## Listed entries
Segment Open

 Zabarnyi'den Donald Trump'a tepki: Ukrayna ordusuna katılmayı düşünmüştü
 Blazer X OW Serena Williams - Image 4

Segment Closed
Segment Open

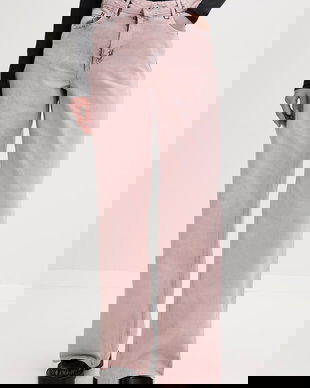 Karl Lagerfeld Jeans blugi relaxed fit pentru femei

Segment Closed

## Problem details
Everything from the line containing "Zabarnyi'den Donald Trump'a" through the line containing "Blazer X OW Serena Williams - Image 4" in the material above should be retyped exactly, both ends included, and nothing more.

## Exercise output
 Zabarnyi'den Donald Trump'a tepki: Ukrayna ordusuna katılmayı düşünmüştü
 Blazer X OW Serena Williams - Image 4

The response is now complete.